The government could draw only Tk8bn from saving instruments, which was simply half of target after revise, says an official report.
According to the report the instruments released by the government were less attractive to the people than banks’ deposit schemes and stock market.
This failure of saving instruments led the government to heavily borrow from the banking sector.
Finance Ministry’s cash and management committee unveiled this provisionary report on domestic borrowing and cash position during the just concluded fiscal year 2012-13.
Borrowing target from saving instruments was revised to Tk16.16bn from Tk74bn in the fiscal.
A finance official cited people’s tendency to keep money in hand rather than investing in saving schemes during political turmoil and election year as one of reasons behind the failure.

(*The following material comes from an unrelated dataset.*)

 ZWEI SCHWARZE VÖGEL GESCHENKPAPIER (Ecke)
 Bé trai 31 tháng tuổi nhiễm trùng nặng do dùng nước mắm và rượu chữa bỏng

Besides, the instruments were less attractive to the people, he said.
“We proposed to increase interest rate and offer tax rebate at sources. The proposals were taken into account,” the official alleged.
In the current context, there are more likeliness to get more profit investing in stock market and participating in banks’ deposit schemes than buying government saving instruments.
“Without making lucrative offers, the government could not increase raising fund from saving instruments,” Mustafa K Mujeri, Director General of Bangladesh Institute of Development Studies (BIDS).
He criticised the government’s dependence on bank borrowing to meet fiscal expenditures as it shrinks private sector investment and rises inflation.
In the fiscal, the non-bank borrowing target was Tk105bn, including Tk74bn from saving instruments. After revise, the target was cut to Tk47bn and till June 23, the government’s non-bank borrowing totalled Tk39bn or 83% of the revised target.
In the budget, borrowing target from banking sector was announced Tk230bn. After revise, the government raised it to Tk285bn. But at the end of fiscal, bank borrowing stood at Tk252bn or 88% of revised target.
Thus, the total borrowing target from domestic sectors- bank and non-bank- was Tk332bn after revising the budget figure of Tk335bn. At the end of fiscal, total borrowing stood at Tk291bn or 88% of the revised target, the report says.
“It is not comfortable that the government could not reach its borrowing target,” said a finance division official who is also a member of Cash and Debt Management Committee.
It may be mentioned that the collection of money from treasury bills was 100% of target in the fiscal and that from bond even crossed the target. The target from treasury bills was Tk61bn, and after revise, Tk93bn while target from bonds was Tk184bn which was revised to Tk207bn and Tk212bn was collected.